In 2008 Westcon invested 50 percent in Inflow with a plan to buy us out completely over a period of seven years. Over the last few years they increased their share to 54 percent. This investment made us stronger and paved the way for bringing Westcon and Comstor into the country.
However, in the past few quarters, Datatec, which owns the Westcon Group, has seen some loss in market share in Europe and North America where they generate major revenue. This has forced them to rethink their plans for many emerging markets, including India. We, the main stakeholders, directors and senior employees of Inflow who owned the remaining 46 percent felt that it was a great idea to buy back the shares, and we feel we got a fair deal. We are totally committed to the Indian and South Asian market, and have larger plans. Westcon India is today a division called Inflow Solutions, and the Comstor business has moved in with Cisco signing Inflow as a distributor.
Many other distributors are known to be negotiating for buy-outs. What do you think is a fair valuation for an Indian distributor?
It will depend on many parameters such as the assets owned, the vendor relationships, and the growth potential of the businesses they are in. I believe a ball-park figure would be 25-30 percent of the annual turnover for a valueadded distributor (VAD) and maybe 15-20 percent for a traditional distributor. Other parameters such as the real numbers in the balance sheet, bad debts and the quality of the team would also impact the valuation.
With so many disruptive technologies the role of a distributor is often questioned.
I think distributors are an integral part of the supply chain and are irreplaceable for almost all IT vendors. While some of the business models such as e-commerce and cloud computing are redefining the way things operate in the IT industry, we don’t see them reducing our value or impacting us in any way.
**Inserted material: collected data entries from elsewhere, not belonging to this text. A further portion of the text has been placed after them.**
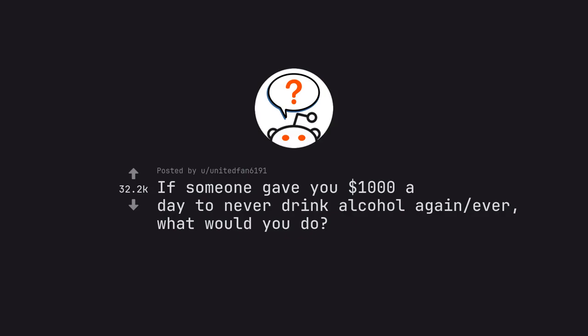If someone gave you $1,000 a day to never drink alcohol again ever, what would you do?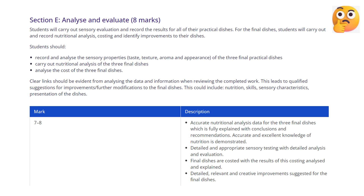To get the maximum of 8 marks, you should carry out accurate nutritional analysis data for the 3 final dishes, which is fully explained with conclusions and recommendations. There should be accurate and excellent knowledge of nutrition. There should be detailed and appropriate sensory testing with detailed analysis and evaluation.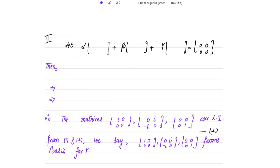For linear independence, let alpha, beta, gamma be scalars. Write: alpha*[1,0;0,0] + beta*[0,iota;negative iota,0] + gamma*[0,0;0,1] = zero matrix. Solving this gives the matrix [alpha, iota*beta; negative iota*beta, gamma] = zero matrix. Comparing entries: alpha = 0, iota*beta = 0, and gamma = 0.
Cloud computing is not really changing anything for either the systems integrator (SI) or distributor. Public cloud computing is still a few years away from mass adoption in India because the cost and benefit of public clouds does not fit in with our cost equations since we have abundant manpower resources at reasonable cost. If at all I believe cloud will strengthen the role of a distributor.
Many say that the model followed by VADs of being project-focused is not scalable.
Today, 95 percent of our business is driven through projects where almost 70 percent comes through vendor and partner references. We can scale these numbers because we have built strong practices and processes.
The biggest challenge is choosing the right projects. Many projects, especially in the government sector, have landed in payment delays for various reasons. We are learning on a daily basis and are improving our processes, due diligence criteria and services capabilities to address more prospects with less risks.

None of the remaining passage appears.